In HOLLYWOOD EXILE, or How I Learned to Love the Blacklist, Bernard Gordon writes about the effort by many, including the Pope, to stop the execution of convicted Soviet spies Ethel and Julius Rosenberg.

"The Supreme Court was in recess for the summer. A last-minute appeal to Justice William O. Douglas resulted in a stay of execution. It was standard procedure for a single designated justice to rule on a case until the full court could consider it. In this instance, good, old, warm friendly Ike took an unprecedented action. For the first time ever, he called all the scattered justices of the Supreme Court back into session. They considered the matter summarily, overruled Douglas, and adjourned to go back to their vacations...

"To appreciate the true magnitude of this atrocity, it is useful to know a few facts that have only recently been revealed and published. In 1997, Daniel Patrick Moynihan, senior senator from New York, wrote a report on government secrecy (Government Printing Office, 1997; published as Secrecy: The American Experience, Yale University Press, 1998). Through the Freedom of Information Act, Moynihan obtained previously classified documents that showed that

"[T]wo scientists at Los Alamos, Klaus Fuchs and Theodore Hall, did convey valuable atomic information to the Soviets; but neither had any connection to the Communist Party...
"Moynihan makes it clear that when the FBI put Julius and Ethel Rosenberg on trial for atomic espionage in March 1951, it had already learned, in May 1950, that real atomic secrets had been given to the Soviets by Theodore Hall....Hall was never charged with espionage and eventually moved to Britain, where he lived a long and happy life, while the United States executed the Rosenbergs for stealing 'the secret of the a-bomb'.
"The decoded Soviet cables show that Ethel was not a Soviet spy and that, while Julius had passed nonatomic information to the Soviets, the trial case against them was largely fabricated...
"Moynihan calls the execution of the Rosenbergs 'a harsh injustice...'
"Why didn't the FBI go after Hall?...Did the government execute the Rosenbergs and let Hall go because it didn't want to admit it had prosecuted the wrong people as atom spies? (John Wiener, The Nation, December 21, 1198)

"After the Rosenbergs' execution, the political atmosphere in Hollywood became ever more poisonous. The studios that were run by Jews had to make it endlessly clear that there were Jews in America who were not atomic spies, that, in this instance quite literally, they were holier than the Pope. Any thought of an easing of the Hollywood blacklist now seemed hopelessly remote. What had once seemed a temporary political aberration, a moment in a changing world (and we believed that things did change), now seemed like a trap from which we would never escape.
"The party?

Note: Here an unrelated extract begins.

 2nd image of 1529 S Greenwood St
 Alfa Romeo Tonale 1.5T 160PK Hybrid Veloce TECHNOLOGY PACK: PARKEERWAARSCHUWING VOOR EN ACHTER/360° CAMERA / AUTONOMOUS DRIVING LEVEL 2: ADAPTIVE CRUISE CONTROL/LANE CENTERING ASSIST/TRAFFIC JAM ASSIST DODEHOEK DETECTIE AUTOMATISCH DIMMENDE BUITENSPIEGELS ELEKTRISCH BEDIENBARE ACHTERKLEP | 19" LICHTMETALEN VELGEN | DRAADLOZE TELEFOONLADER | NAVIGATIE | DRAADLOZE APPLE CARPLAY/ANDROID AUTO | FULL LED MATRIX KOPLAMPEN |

During the early days of the blacklist, we had hung together. A cold wind was blowing and we needed each other for warmth, companionship, and mutual support. When Stalin died in 1953, rumors of the appalling nature of the dictatorship in the Soviet Union began to leak out. In early 1956, Khrushchev spoke publicly about Stalin's atrocities. This was quite different from Henry Luce of Time magazine of the Chandlers of the Los Angeles Times unfurling their anticommunist propaganda. This news could not be ignored. But by 1957, as the scope of Stalin's abominations became clear, many of our people had scattered to Mexico, New York, Europe; few of our members remained in the section, and functioning was desultory.
"In the party, we felt betrayed. A lifetime of dedication and sacrifice to help make a better world had put us on the side of an inconceivable butcher. We still felt that humane socialism was necessary to correct the brutality and inequity of our own system, but the party had lashed itself too tightly to the fate of the U.S.S.R. Unannounced, informally, most of us simply stopped attending meetings. We just faded away from the party."

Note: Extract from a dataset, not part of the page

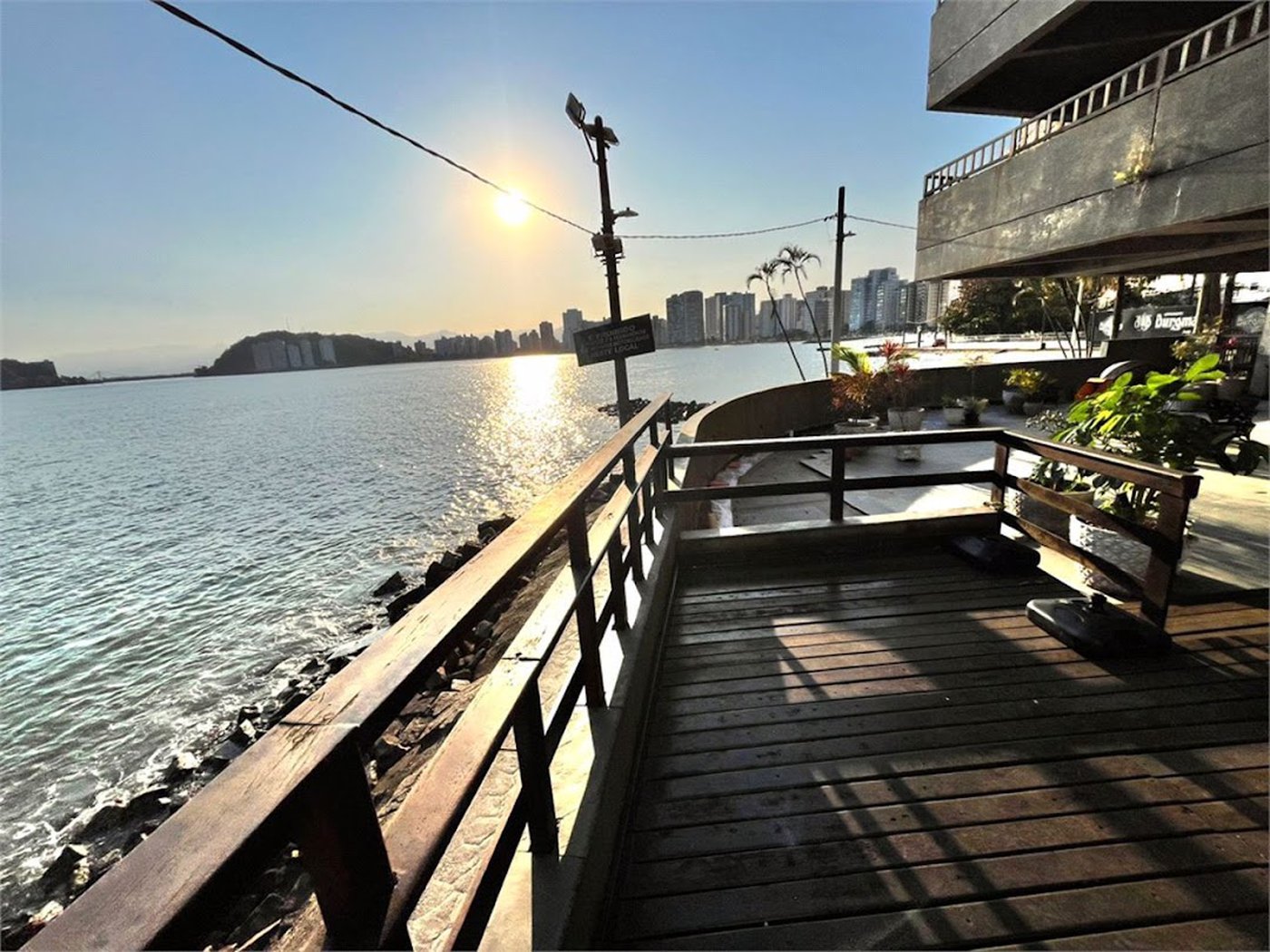 apartamento pé na areia com vista total para o mar em são vicente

*For me, it is interesting that of the autobiographies that I've read, those who became Communists during World War 2 - Edward Dymtryk and Bernard Gordon - became disillusioned after the War. Shelley Winters is the only one of whom I've read that joined the party in the early 1930s. She cut all ties after Stalin signed his pact with Hitler and then joined-in on the invasion of Poland. Knowing what Hitler was doing to the Jews in Germany, she could not stomach American Communists excusing Stalin's colaboration with Hitler.
*And howcome Roman Polanski, who was there, did not mention the Soviets invading Poland from the East at the same time that the Nazis were invading from the West in his movie THE PIANIST?